Radiohead: Kid A Mnesia review – two classic albums, plus surprises

(XL)
The band’s 20th-anniversary reissue of Kid A and Amnesiac along with unreleased material makes for fascinating listening

Recorded together but released a year apart, Kid A (2000) and Amnesiac (2001) marked a huge departure from the increasingly baroque guitar-led anthems of Radiohead’s first three albums. The broadening of their palette to embrace Warp-influenced electronica, free jazz and krautrock abstractions initially baffled many (the Guardian awarded Kid A two stars, while Melody Maker’s reviewer was reduced to describing it as “post-bollocks”), but get past the glitchiness and the occasional moments of discord, and here were songs as affecting and powerful as those on OK Computer, just framed somewhat differently.

The change in direction clearly coincided with a particularly fertile period for the band, because this 20th-anniversary box features a bonus disc of unreleased contemporaneous material together with the two original albums.
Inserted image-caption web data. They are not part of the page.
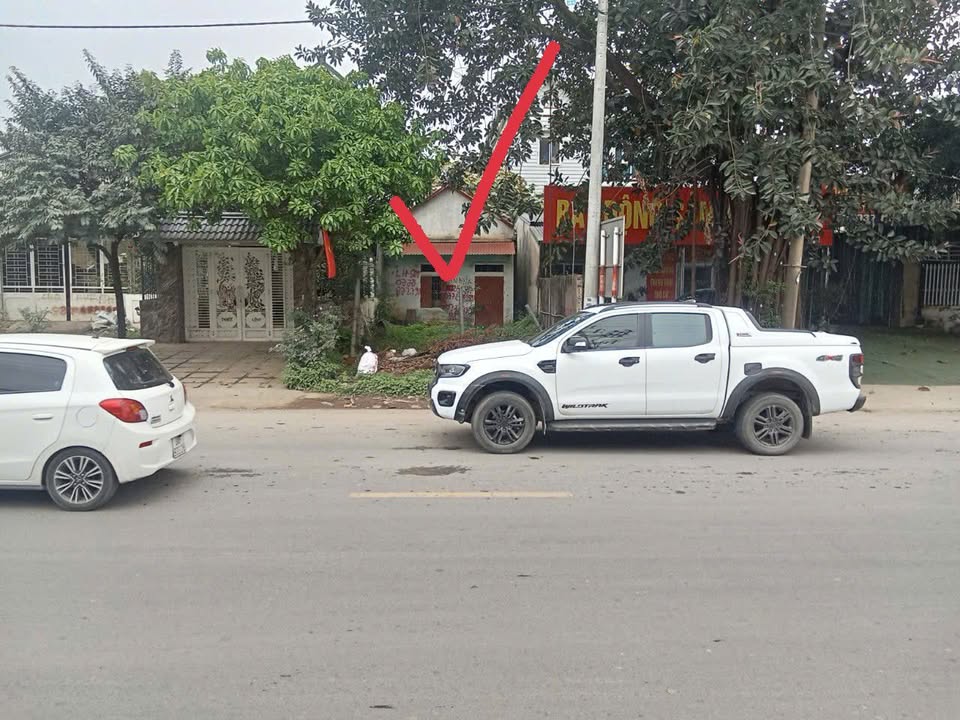 Đất nền Yên Bình Thạch Thất 245m² giá 7 tỷ - Vị trí đắc địa, tiện ích đầy đủ!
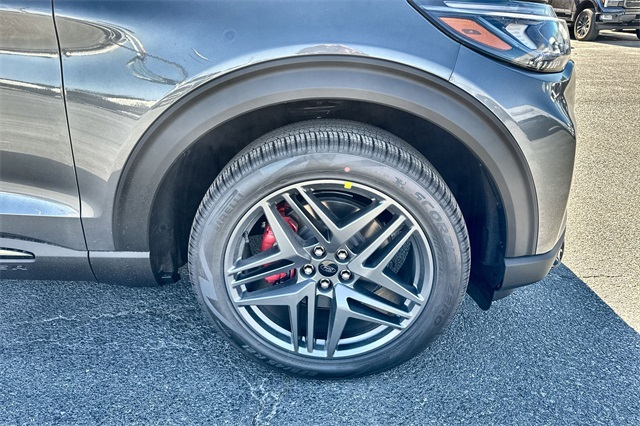 new 2025 Ford Explorer car, priced at $50,192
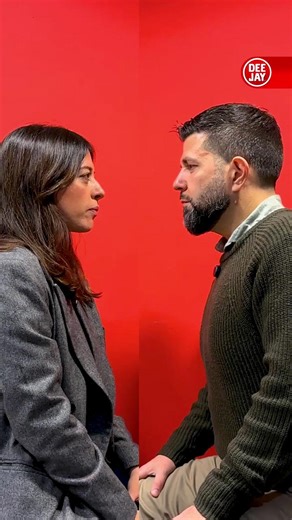 Non è uno show da guardare. È uno show da giocare. Arriva Deejay Contro Deejay, il nuovo game show live di Radio Deejay scritto da Francesco Lancia e Chiara Galeazzi. Cinque serate di sfide a squadre tra le voci della radio e ospiti speciali, tra quiz, prove pratiche e giochi di abilità, con il pubblico parte integrante dello show. 📍 Cattedrale della Fabbrica del Vapore (Milano) 📅 Venerdì 16 gennaio 2026 ⏰ Ore 21 Sul palco della prima serata: Nicola Savino e Manuela Suma vs Fabio Caressa e Ben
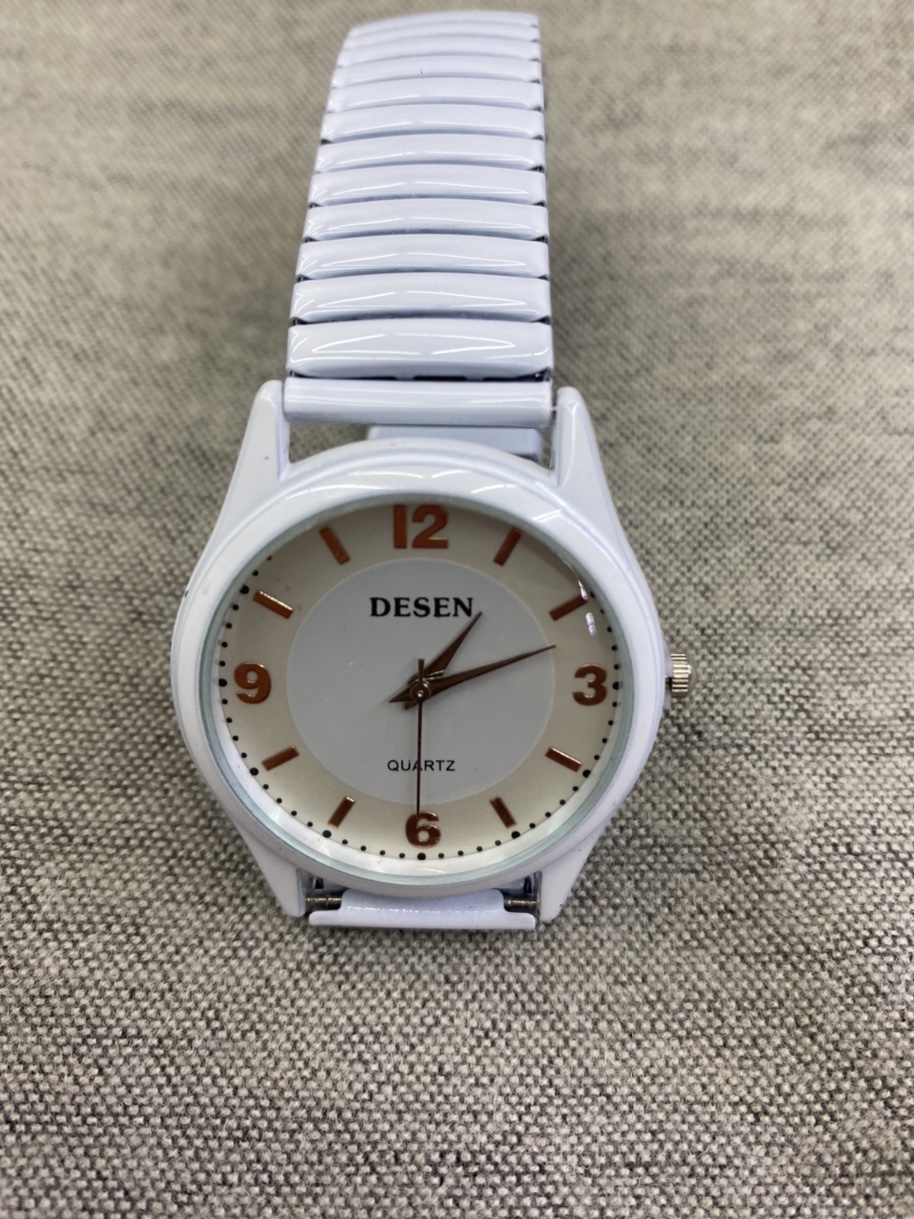 The latest elastic band watches are in stock for both men and women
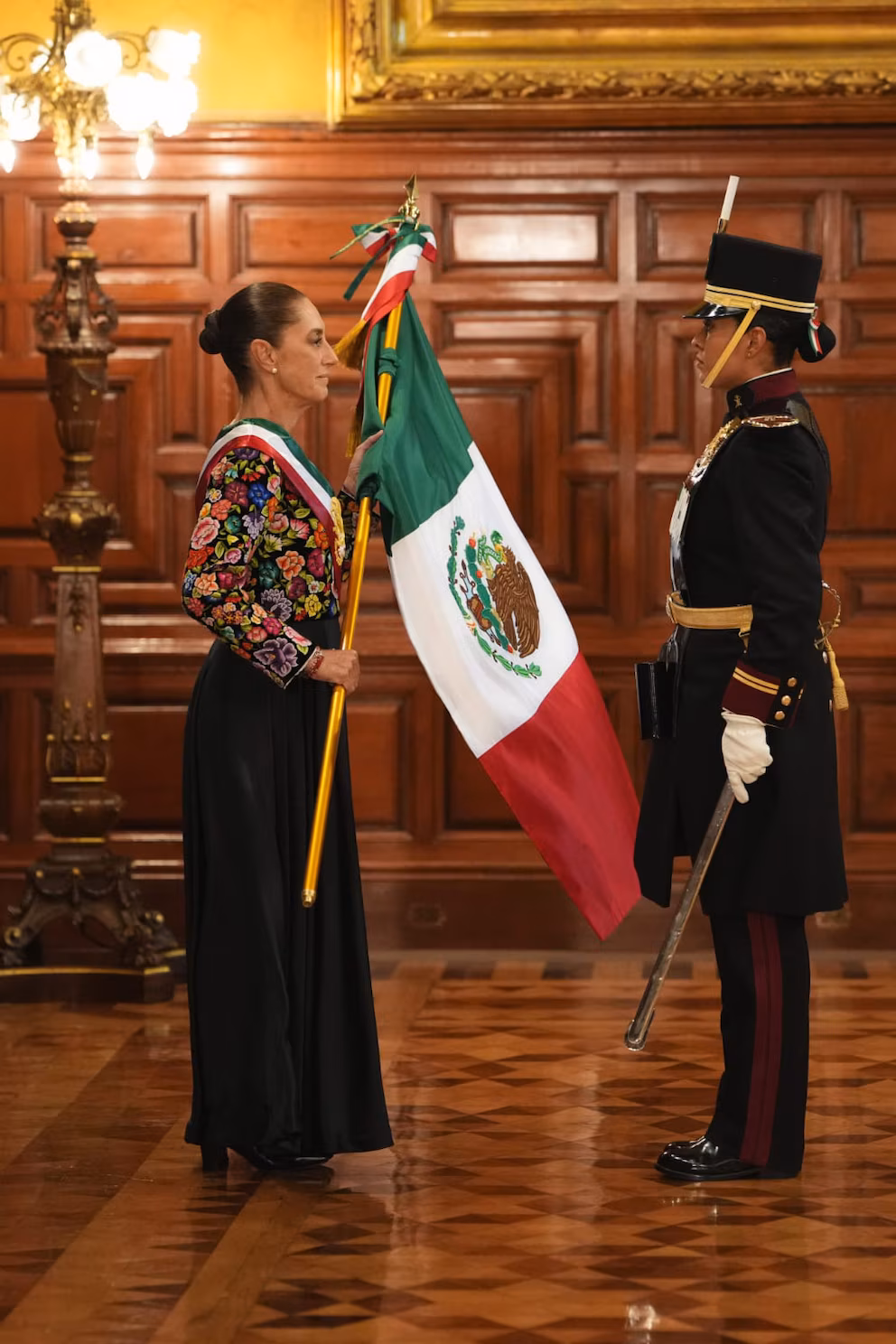 Bordado Tradicional Del Istmo De Tehuantepec En Tonos Rojo, Rosa, Morado, Azul Y Verde Sobre Fondo Negro.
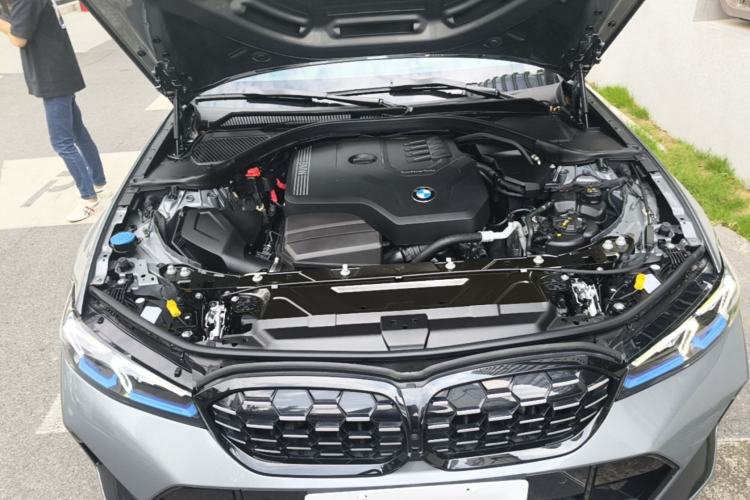 Used BMW 3 Series 2024 330Li M Sport Night Edition Package Engine Bay Right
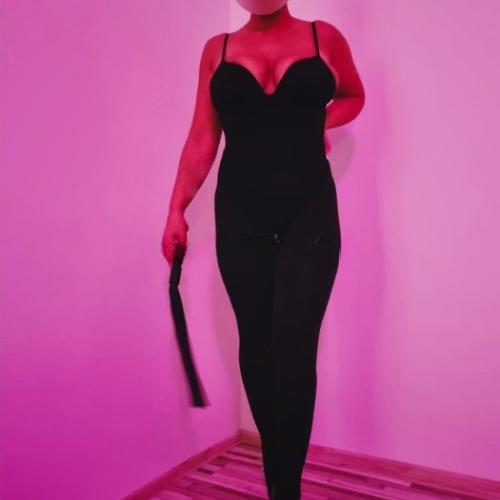 Mistress Paula — eskorte i Bucharest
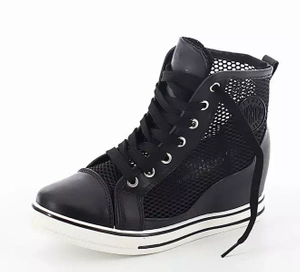 OUTLET Schwarze Sneaker aus Resvetta-Mesh - Schuhe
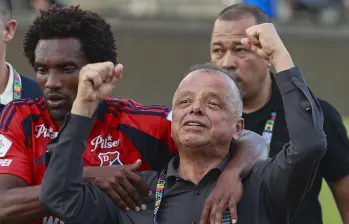 El empresario Raúl Giraldo, máximo accionista del Medellín desde 2013, hizo gestos ante la hinchada del cuadro rojo el 3 de mayo del 2026 tras finalizar el partido contra Águilas Doradas. Foto: Manuel Saldarriaga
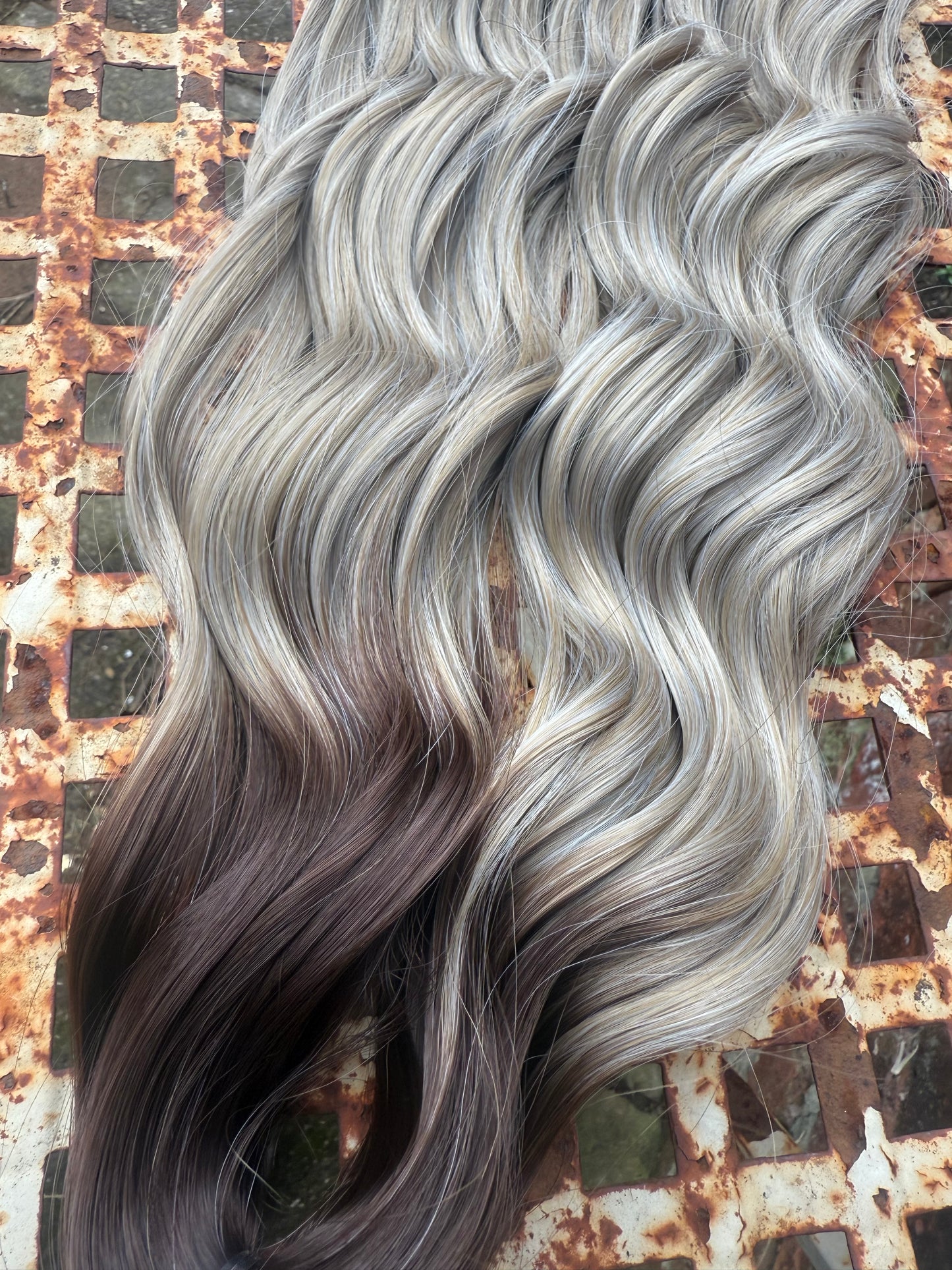 Brown to Dark Natural Blonde Ombré Loose Brushable Wave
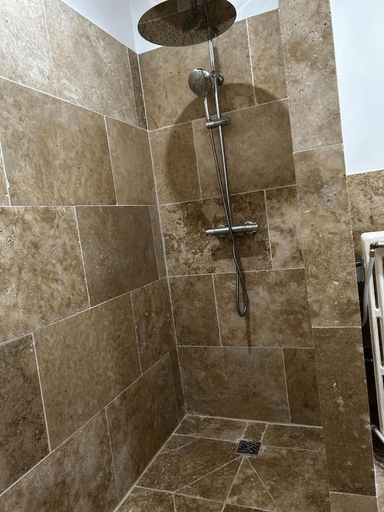 Bathroom 3, la porte medievale, Aude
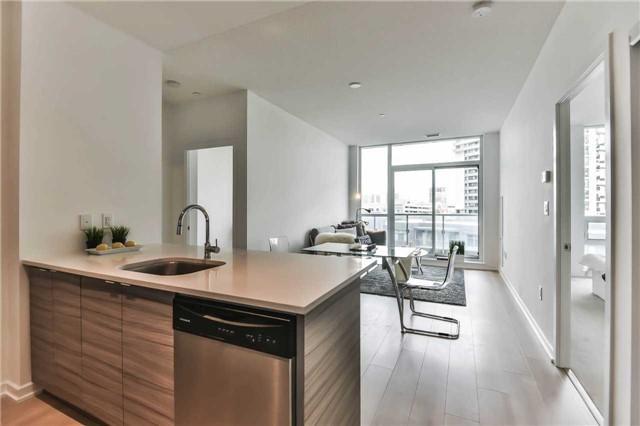405 - 62 Forest Manor Rd, Condo with 2 bedrooms, 1 bathrooms and 1 parking in Toronto ON | Image 2
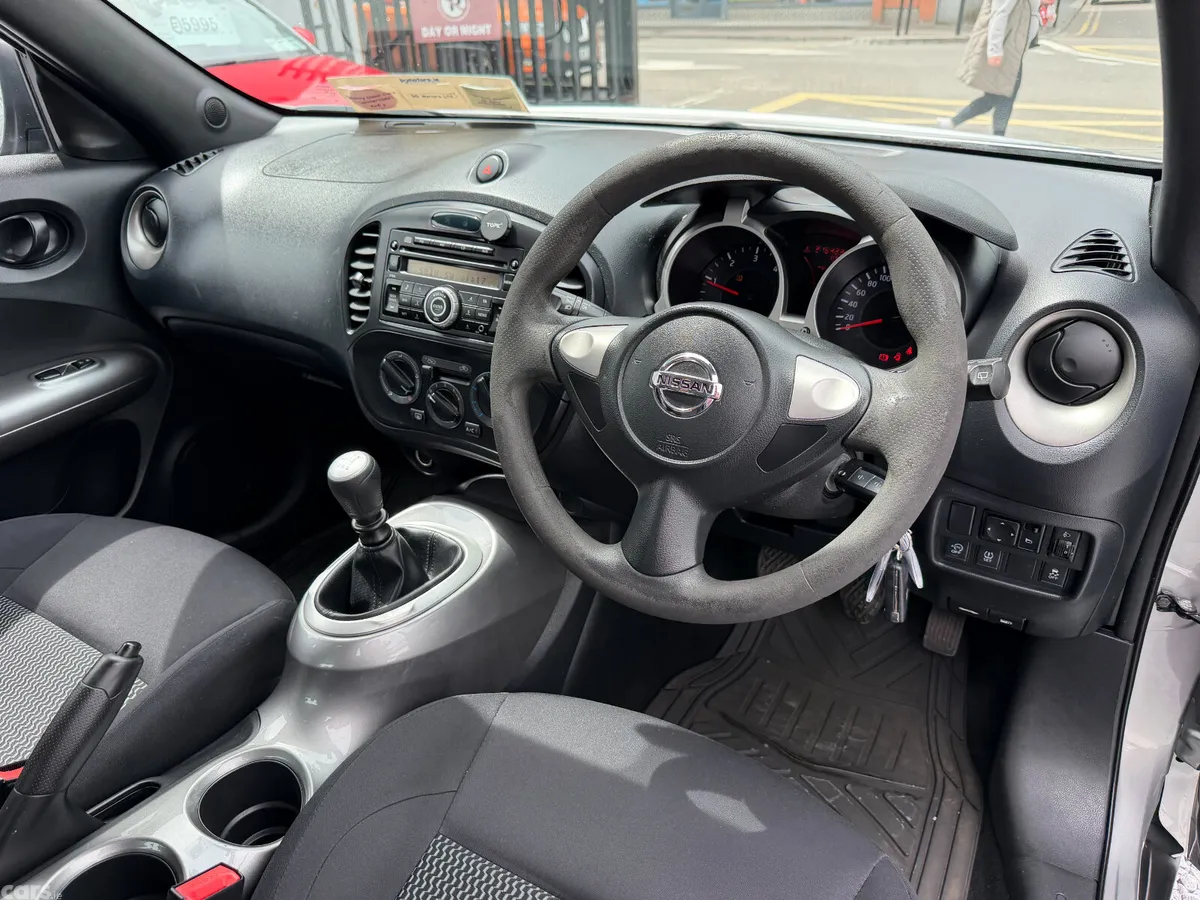 Nissan Juke SUV, Diesel, 2015, Silver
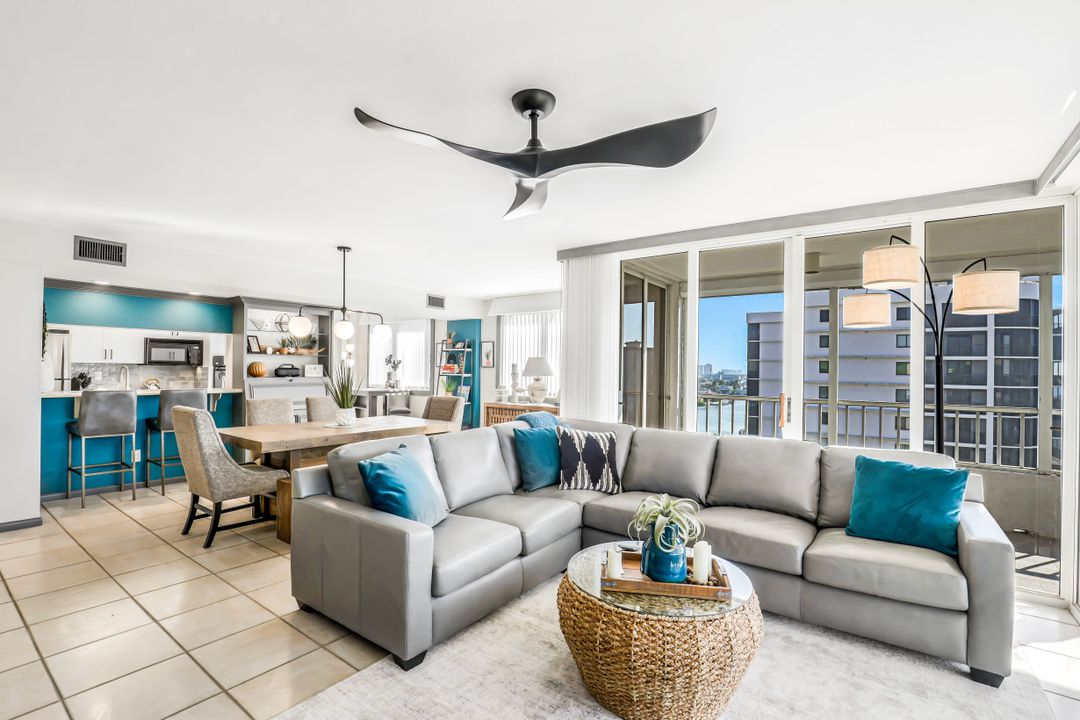 11116 Gulf Shore Dr #904, Naples, FL 34108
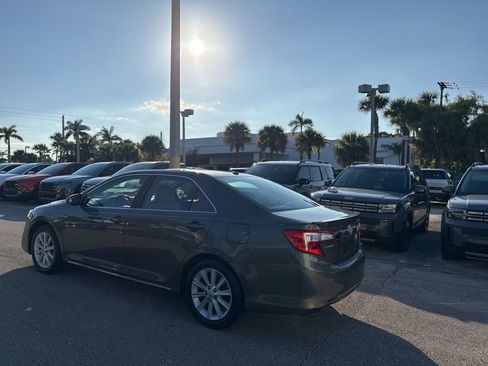 Used 2012 Toyota Camry image 3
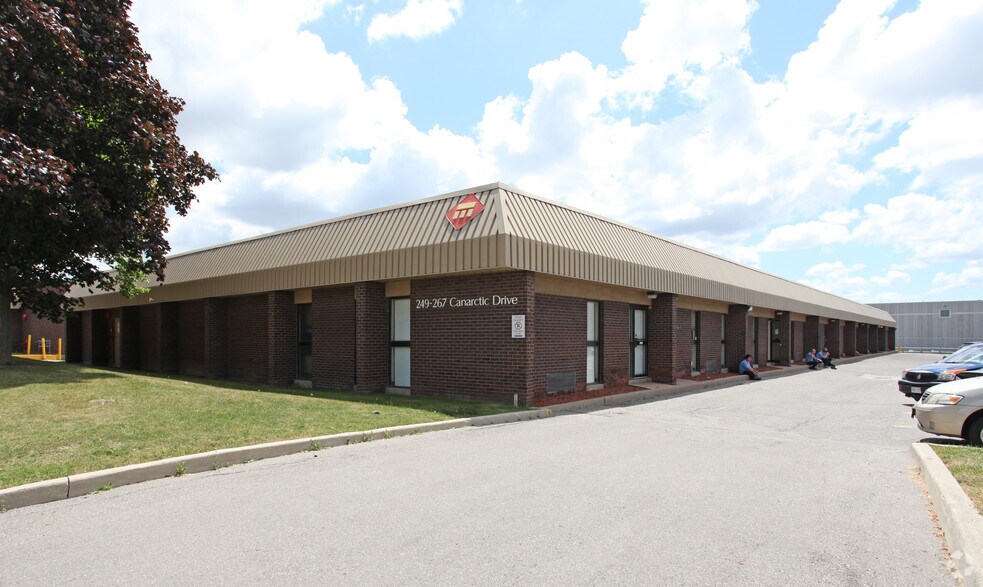 249-267 Canarctic Dr, Toronto, ON à louer - Photo principale - Image 1 de 3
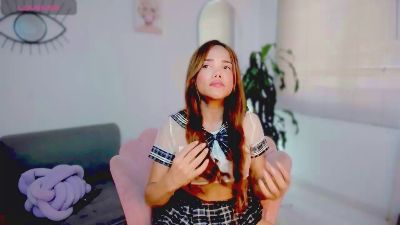 Missvaleriew live cam on Cam4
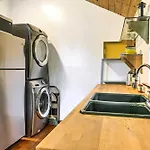 Chic East Austin Studio Bungalow With Spacious Yard!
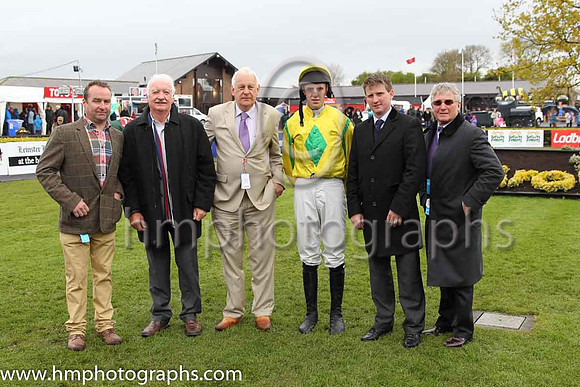 07th Pass The Time (GB) ( 6 , yellow, green diamond ) and M.P. Walsh - Trainer : Neil Mulholland (in GB) - Owner : Dajam Ltd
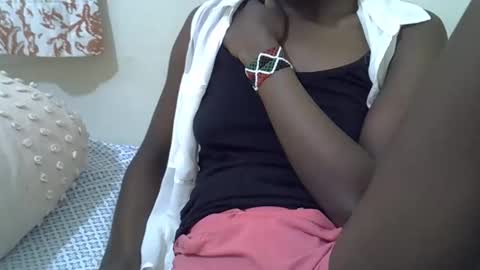 Snapshot of sexy_tania1 chatting on October 22, 10:15 am sexy_tania1 online show from October 22, 10:15 am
Perhaps unsurprisingly, nothing here eclipses Pyramid Song or Optimistic. Instead there are intriguing alternate versions (including yet another iteration of Morning Bell, this time a lullaby-like instrumental take), half-finished sketches, the gorgeous string arrangement of How to Disappear Completely in isolation, foreshadowing Jonny Greenwood’s Oscar-nominated score for Phantom Thread – and two previously unreleased songs.

The attractively loose-limbed If You Say the Word failed to make the cut at the time because its mellow aesthetic didn’t fit; the dread-filled Follow Me Around (a version of which appeared as far back as the 1998 documentary Meeting People Is Easy) is just Thom Yorke and acoustic guitar, and is decidedly uncomfortable listening. Together they comprise a fascinating companion piece for two classic albums.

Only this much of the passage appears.